Tras nueve años sin estrenar ninguna película de ficción, Kusturika nos trae esta tragicomedia antibelicista, en la que como en casi todas sus películas deja clara su postura en contra de la violencia y el sometimiento de los pueblos, pero mostrándolo por medio del absurdo y la comedia. Aunque no es la más lograda de sus películas, no deja de sacar algunas risas al espectador. El realismo mágico con el que el amor puede salvar a los personajes, la artificial ralentización de la cámara en los momentos más emotivos, y el constante peso de la naturaleza, hacen de esta película si no su mejor obra, por lo menos dos horas de sonrisas y entretenimiento.

Kusturika esta vez no solo dirige, si no que también protagoniza el film, cruzando víveres a zonas aisladas por la guerra de los Balcanes, montado en un burro, y protegido de los ataques aéreos y terrestres únicamente por un paraguas negro.
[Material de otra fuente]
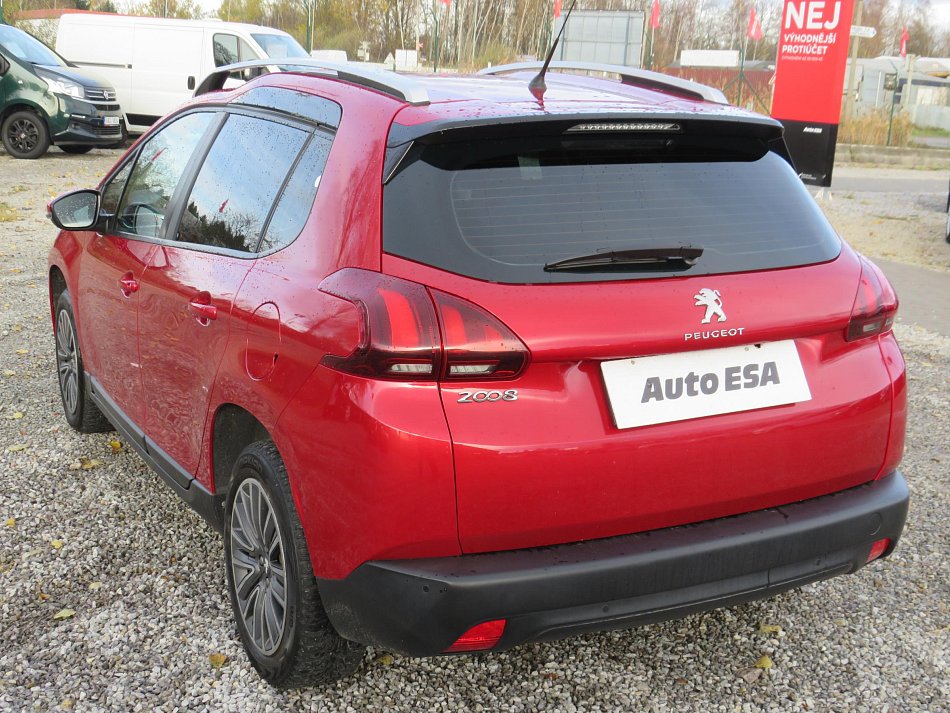 Peugeot 2008 1.2 VTi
Amante de la naturaleza, amigo de serpientes y aves, pasa su vida entre los animales y los brazos de Sloboda Micalovic, hasta que irrumpe Mónica Bellucci en su vida, huyendo de su pasado, para enamorarse perdidamente de él.
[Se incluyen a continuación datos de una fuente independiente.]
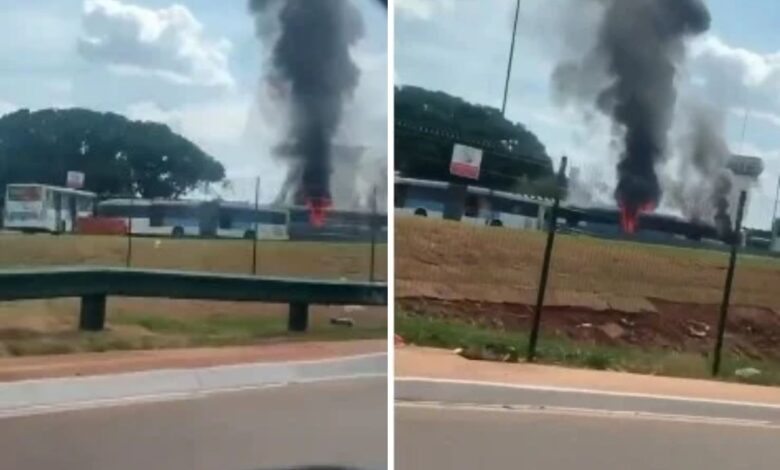Ônibus em chamas com fumaça escura em Goiânia.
Filmada mayormente en Bosnia y Herzegovina, el director nos permite disfrutar de los paisajes y localizaciones locales, en medio de su universo visual particular. Entre fábula y leyenda, entre drama y comedia, a lomos del burro de Kusturika vamos transitando junto con él por la vida de los campesinos en medio de una guerra, que como la mayoría de las guerras, no es de ellos; les viene dada.

Presentada en el Festival de Venecia 2016, cerrando la muestra, y en la sección de Perlas del Festival de San Sebastián 2016, On the Milky Road, aunque ha decepcionado a muchos, sigue trayéndonos el sello tan personal de Kusturika, sus personajes estrafalarios, su surrealismo, y la música balcánica que tantos adeptos ha conseguido. También es de destacar a nivel técnico, no solo las localizaciones elegidas, si no las tomas aéreas que quitan el aliento, con momentos no aptos para quienes sufren de vértigo.

En resumen, tanto Kusturika como siempre, sin mayores innovaciones, pero para pasar un rato divertido y agradable.